Neuromuscular blocking drugs may have variable effects on heart rate (HR) and blood pressure. Rapacuronium is a rapid-acting, steroidal-derived neuromuscular blocking drug whose hemodynamic effects have not been characterized. We studied the effects of 1, 2, and 3 mg/kg rapacuronium on histamine release, HR, and blood pressure in 47 ASA physical status II or III adult patients after the induction of anesthesia with etomidate/fentanyl/N2O. Plasma histamine concentrations were measured before induction and immediately before and 1, 3, and 5 min after the rapid administration of rapacuronium. Mean arterial pressure (MAP) decreased after rapacuronium administration, but there were no significant differences among the groups for changes in HR or MAP, and there was no correlation between changes in MAP or HR and increases in histamine levels.

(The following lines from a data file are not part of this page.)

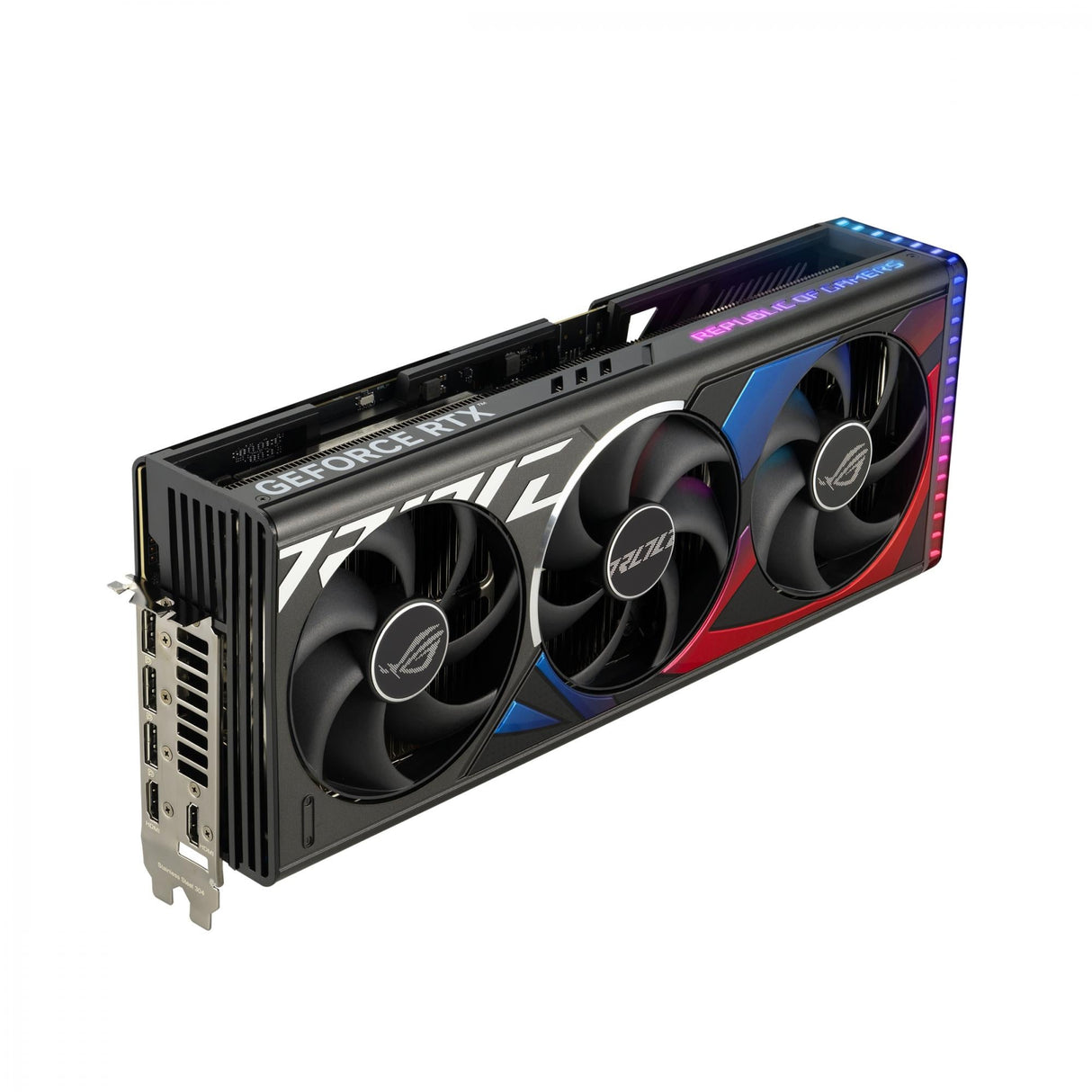 ASUS GeForce RTX 4090 24GB ROG STRIX GAMING BTF ASUS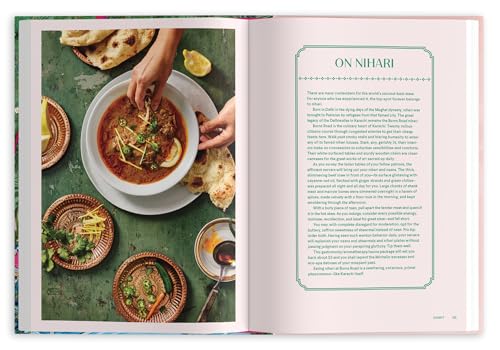 Zareen’s Pakistani Kitchen: Recipes from a Well-Fed Childhood (Pakistani and Indian Cooking)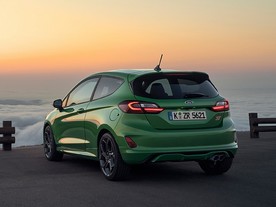 Ford Fiesta ST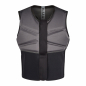 Preview: Mystic Block Prallschutzweste Frontzip Kite Männer Schwarz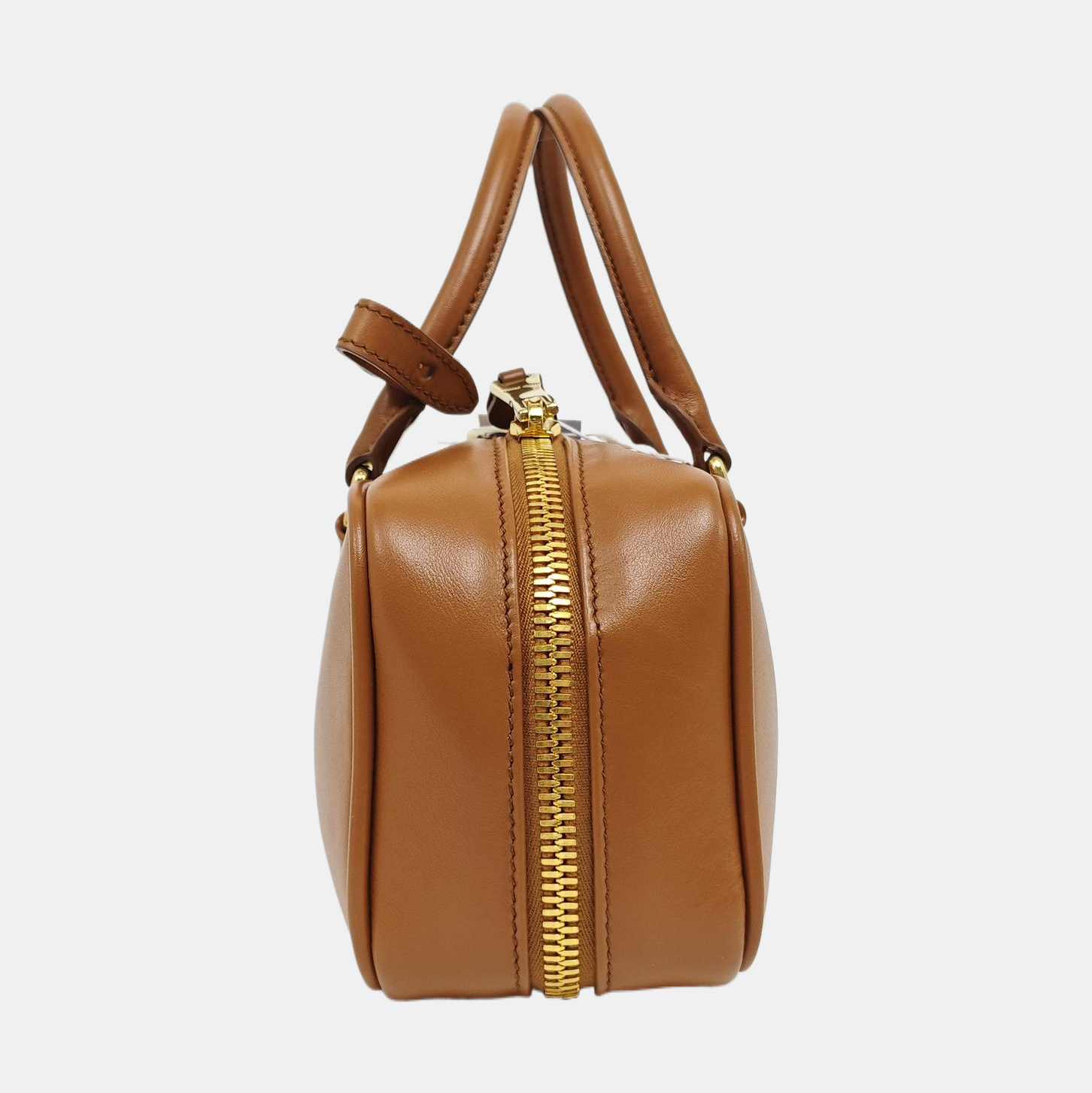 Arcadie Large Calfskin Brown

There were no changes in HR or MAP among five patients who had significant (> or = 1 ng/mL) increases in histamine from baselin. Seven patients had bronchospasm without increases in plasma histamine levels. Rapacuronium 2-3 mg/kg increased plasma histamine levels. However, clinically significant histamine-related sequelae did not occur in this population with 1- to 3-mg/kg doses of rapacuronium, and cardiovascular changes were not directly correlated with histamine release. Rapacuronium administration can produce hypotension via mechanisms that do not seem to be related to histamine release.

Rapacuronium, a new steroidal-derived muscle relaxant, may release histamine and produce slight changes in blood pressure and heart rate after administration.